The film follows high school freshman Charlie as he navigates his newfound friendships. Charlie is, frankly, a terrible character. He’s extremely milquetoast. His character is written to be some wise, mentally ill sweetheart. Really, his only character trait is that he’s literate and likes to make mix tapes. While his character is supposed to be innocent and kind, he does some pretty crappy stuff, like cheating on his girlfriend in front of her and then subtly blaming it on his mental illness.  

Honestly, none of the characters have much depth. Most are just really stereotypical. Sam, played by Emma Watson, is a modern manic pixie dream girl. She dates horrible men who treat her poorly, and she thinks she’s “different” because she listens to The Smiths. Mary Elizabeth is similar, though ten times more obnoxious (she talks a lot about veganism and foreign films). Then there’s the English teacher, played by Paul Rudd (wait, what?), who says the famous line: “We accept the love we think we deserve.” Okay, Paul, way to boil down the mechanisms of trauma.  

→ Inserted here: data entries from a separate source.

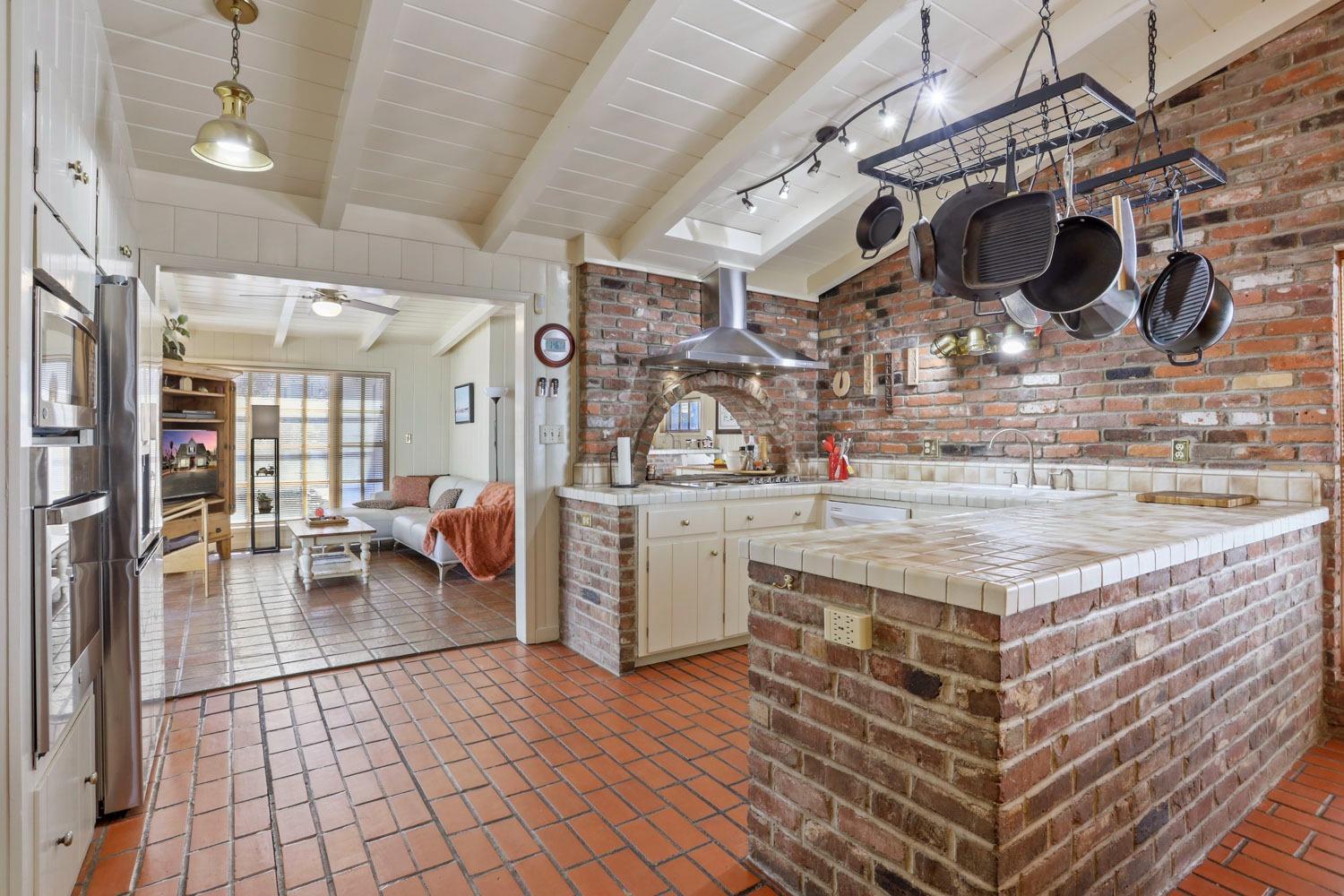 Detail Gallery Image 22 of 91 For 1900 W Lowell Ave, Tracy,  CA 95376 - 5 Beds | 3/1 Baths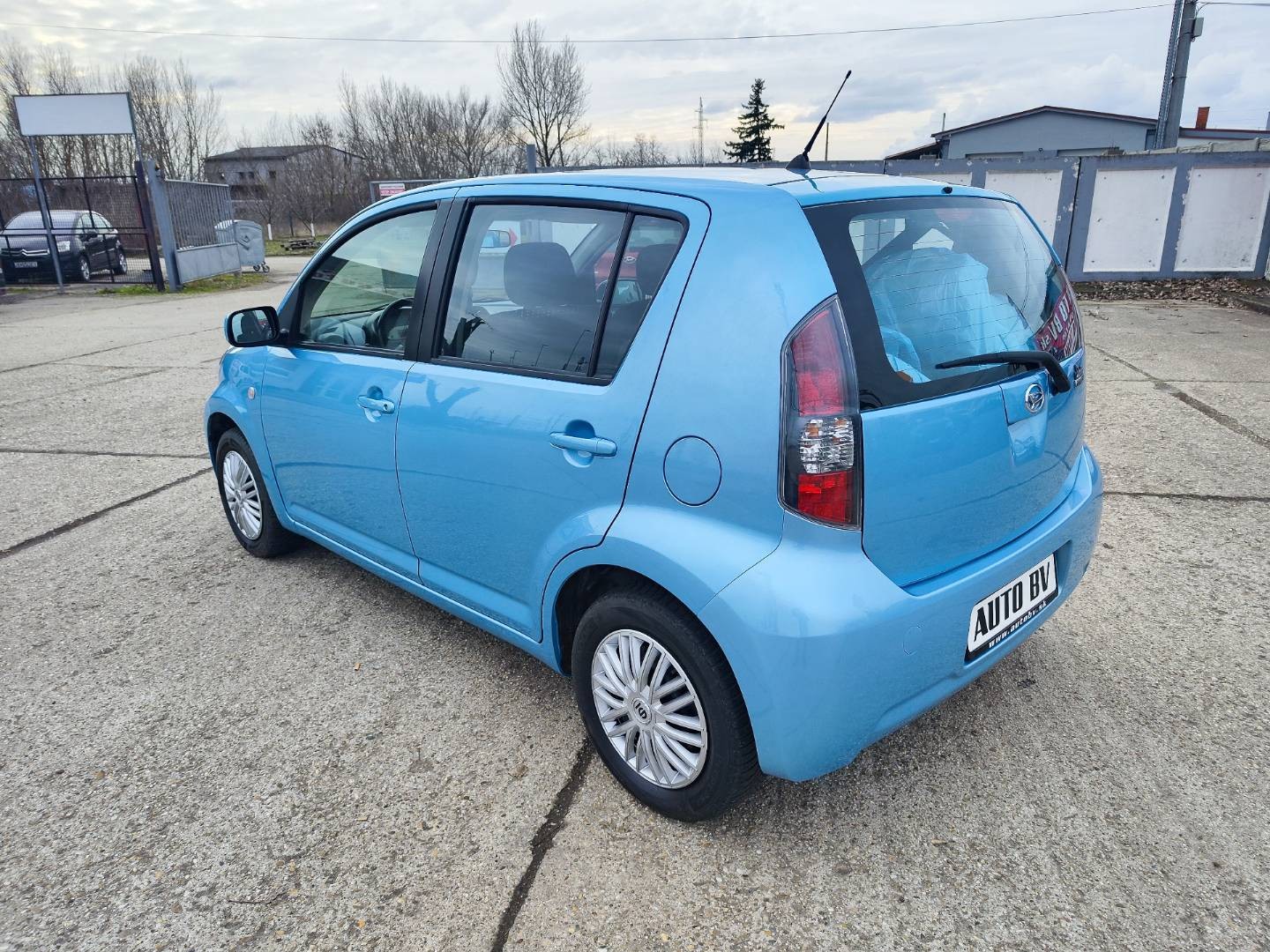 Daihatsu Sirion 1,3/67kW 4x4 – foto 8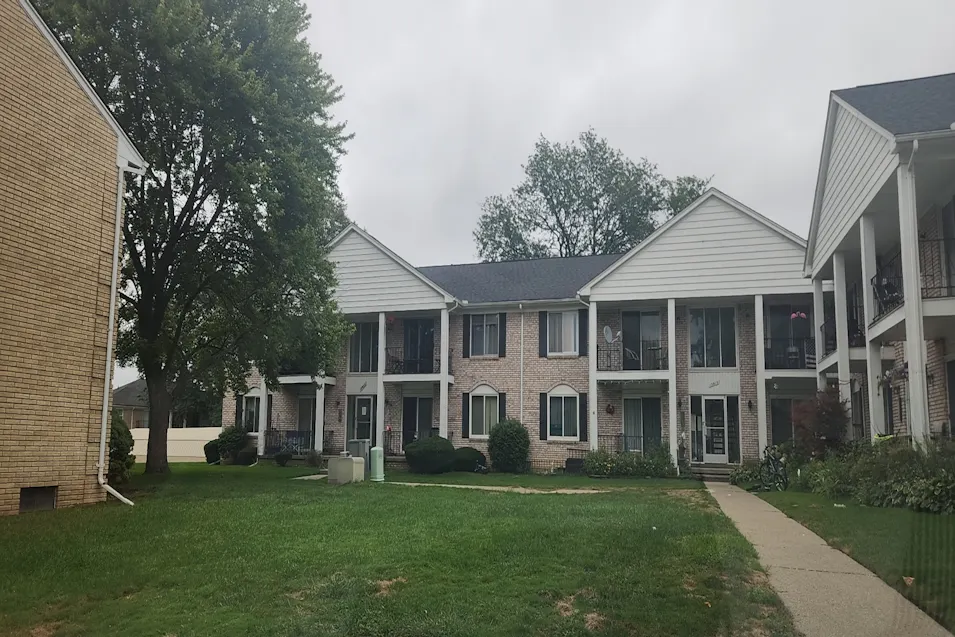 13935 Camelot Dr Sterling Heights, MI 48312, Macomb County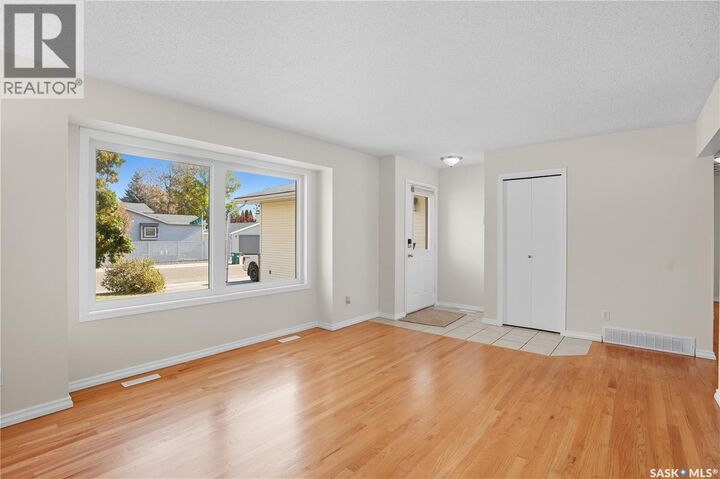 Photo de la propriété: 102 Bonli Crescent SK S7N 3Z8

Arguably, the most nuanced and interesting character is Patrick, played by heartthrob Ezra Miller. Throughout the film, Patrick explores his sexuality as a gay man and has a secret love affair with football player Brad. Patrick is disillusioned with high school life, like everyone else, but the pain he feels after Brad dumps him is much more realistic. His mania is portrayed beautifully, and he’s the only character with some semblance of growth.  

The plot itself is pretty lackluster: boy meets girl, falls in love, but she has a boyfriend, who eventually leaves her. Girl loves boy, girl goes to college, and things are kind of sad but in a beautiful way. The movie does touch on some pretty important topics, including sexual abuse and suicidality, though the portrayal of mental illness is hackneyed and a little too romantic.  

The soundtrack is pretty stellar, including songs from David Bowie and Sonic Youth, though neither of those artists are really as “underground” as the characters believe.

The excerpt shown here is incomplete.